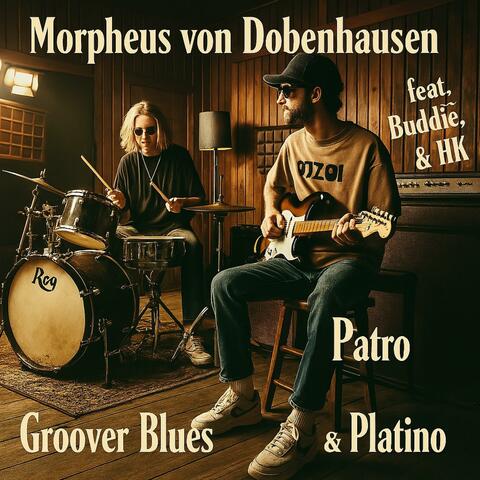 Groover Blues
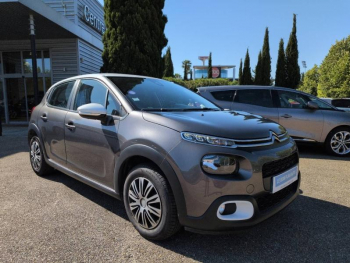 Photo 3 du bon plan CITROEN C3 PureTech 82ch Feel occasion à 7490 €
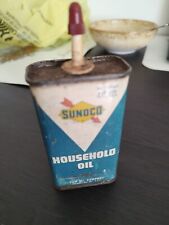 Vintage sunoco household for sale  High Springs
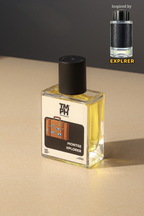 Montee Xplorer - LG Inspired perfume  | TMPerfumehouse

::::::

▸ WORK TASK
From the line containing "Photo 3 du bon" through the final line of the listing, copy every line exactly and nothing else. Skip the pictures.

▸ YOUR RESPONSE
 Photo 3 du bon plan CITROEN C3 PureTech 82ch Feel occasion à 7490 €
 Vintage sunoco household for sale  High Springs
 Montee Xplorer - LG Inspired perfume  | TMPerfumehouse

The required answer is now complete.